## [Activity]
Given the records underneath, please repeat exactly the lines from the line with "Welcome everyone to" through the line with "It works exactly", passing over any picture.

## [Dataset content]
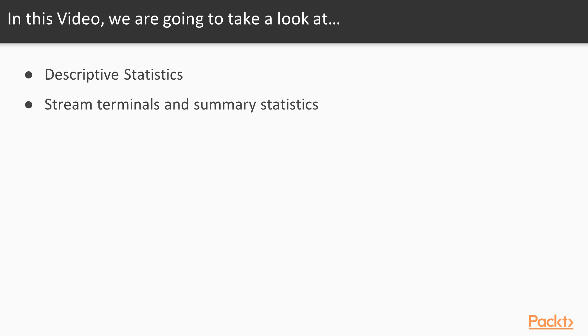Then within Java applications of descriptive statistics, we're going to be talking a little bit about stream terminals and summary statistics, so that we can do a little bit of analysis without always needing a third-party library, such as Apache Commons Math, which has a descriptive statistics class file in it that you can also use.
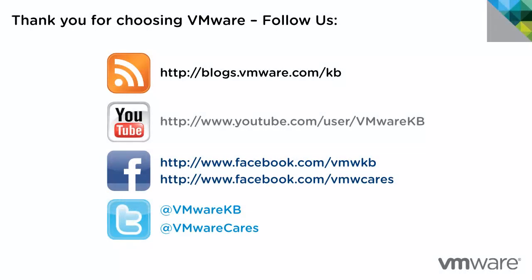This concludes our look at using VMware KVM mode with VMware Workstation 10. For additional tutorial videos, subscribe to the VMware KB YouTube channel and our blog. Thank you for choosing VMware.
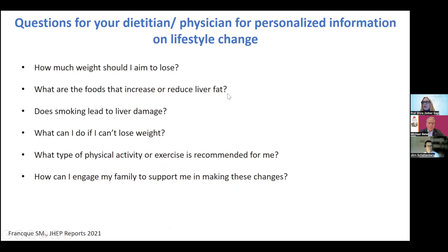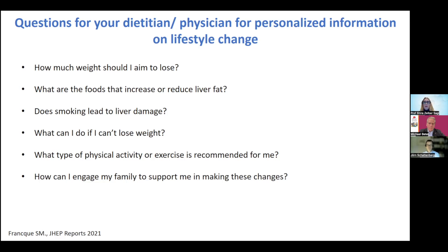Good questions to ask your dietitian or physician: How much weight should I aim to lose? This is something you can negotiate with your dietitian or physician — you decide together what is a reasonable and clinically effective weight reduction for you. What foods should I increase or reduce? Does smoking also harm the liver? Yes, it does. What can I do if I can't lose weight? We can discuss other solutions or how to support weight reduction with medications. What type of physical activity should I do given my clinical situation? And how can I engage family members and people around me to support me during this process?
--
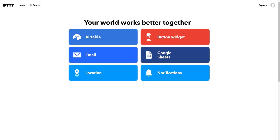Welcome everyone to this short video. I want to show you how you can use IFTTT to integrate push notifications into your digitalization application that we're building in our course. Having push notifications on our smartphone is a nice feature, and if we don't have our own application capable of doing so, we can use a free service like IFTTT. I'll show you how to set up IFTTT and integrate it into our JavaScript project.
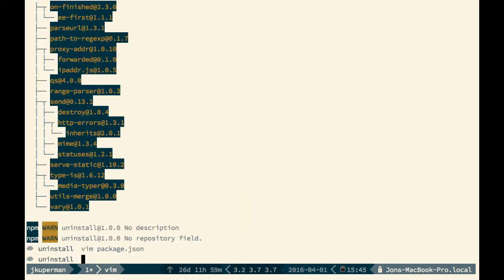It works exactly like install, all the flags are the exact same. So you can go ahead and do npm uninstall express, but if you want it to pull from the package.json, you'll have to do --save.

## [Exercise solution]
Welcome everyone to this short video. I want to show you how you can use IFTTT to integrate push notifications into your digitalization application that we're building in our course. Having push notifications on our smartphone is a nice feature, and if we don't have our own application capable of doing so, we can use a free service like IFTTT. I'll show you how to set up IFTTT and integrate it into our JavaScript project.
It works exactly like install, all the flags are the exact same. So you can go ahead and do npm uninstall express, but if you want it to pull from the package.json, you'll have to do --save.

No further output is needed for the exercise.